|Esparza, A - TEXAS A&M UNIVERSITY|
|Marek, T - TEXAS AG. EXPT. STN.|
Submitted to: Agronomy Journal
Publication Type: Peer Reviewed Journal
Publication Acceptance Date: April 24, 2007
Publication Date: October 1, 2007
Citation: Gowda, P., Baumhardt, R.L., Esparza, A.M., Marek, T., Howell, T.A. 2007. Suitability of cotton as an alternative crop in the Ogallala Aquifer Region. Agronomy Journal. 99:1397-1403. Interpretive Summary: The Ogallala Aquifer, located under the Central and Southern High Plains, is facing declining water levels. One of the options to optimize the use of limited ground water is to look for drought-tolerant and economically viable alternative crops. In this study, we evaluated the feasibility of growing cotton in the southern and central high plains of the Ogallala Aquifer Region using heat unit based potential yield. Results indicate that 105 of 131 counties in the study area have the potential to produce cotton with lint yield more than 500 kg/ha at least once every two years. However, due to management uncertainties related to fertilizer and pest management and planting and harvesting schedule, further consideration is needed for estimating potential cotton yield.
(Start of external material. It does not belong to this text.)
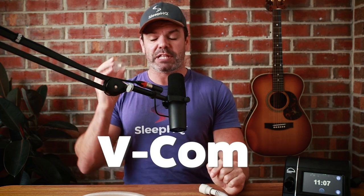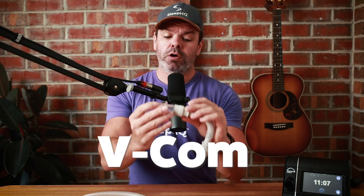G'day mates, if you're a beginner and you're just starting out on your CPAP journey but you're finding therapy a bit challenging — as most do — here's an affordable comfort accessory that makes sleeping with CPAP easier, quieter and more enjoyable. It's called a VECOM by Sleep Res, and you place your VECOM between your CPAP tube and your mask.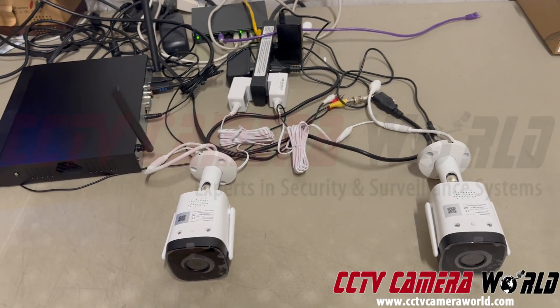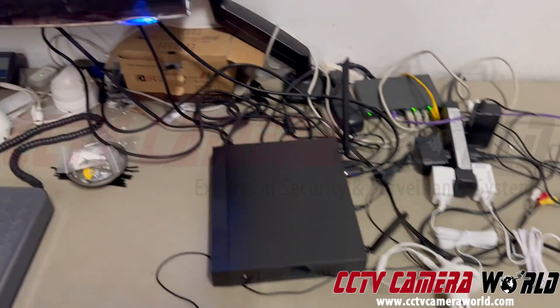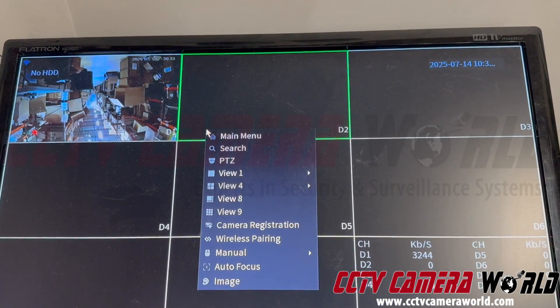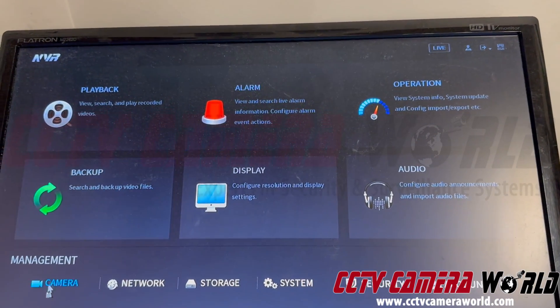I'm simulating a scenario where you may have an issue where you only have one camera being able to be seen and the other one just doesn't work — you can't figure it out.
Technical Abstract: Renewed interest in cotton (Gossypium hirsutum L.) production in the Ogallala Aquifer Region can be linked to development of early maturing varieties, rising energy costs, and declining water levels in the Ogallala Aquifer. In this study, the heat unit based, county-wide exceedance probability curves for potential cotton yield were developed using a long term temperature dataset (1971-2000), and counties that have the potential to produce cotton at 1-year and 2-year return periods were mapped. Results indicate that 105 of 131 counties in the study area have the potential to produce cotton with lint yield more than 500 kg/ha at least once every two years. A county-wide yield goal based on a 2-year return period may improve the chances for better profits to producers than with a 1-year return period. However, management uncertainties on fertilizer and pest management and planting and harvesting schedule may require further consideration for estimating potential cotton yield. Nevertheless, these results show that cotton is a suitable alternative crop for most counties in southwest Kansas and all counties in the Texas and Oklahoma Panhandles. Also, a significant reduction in water withdrawals from the Ogallala Aquifer for irrigation is possible if producers were to convert 50 percent of their corn acreage to cotton production.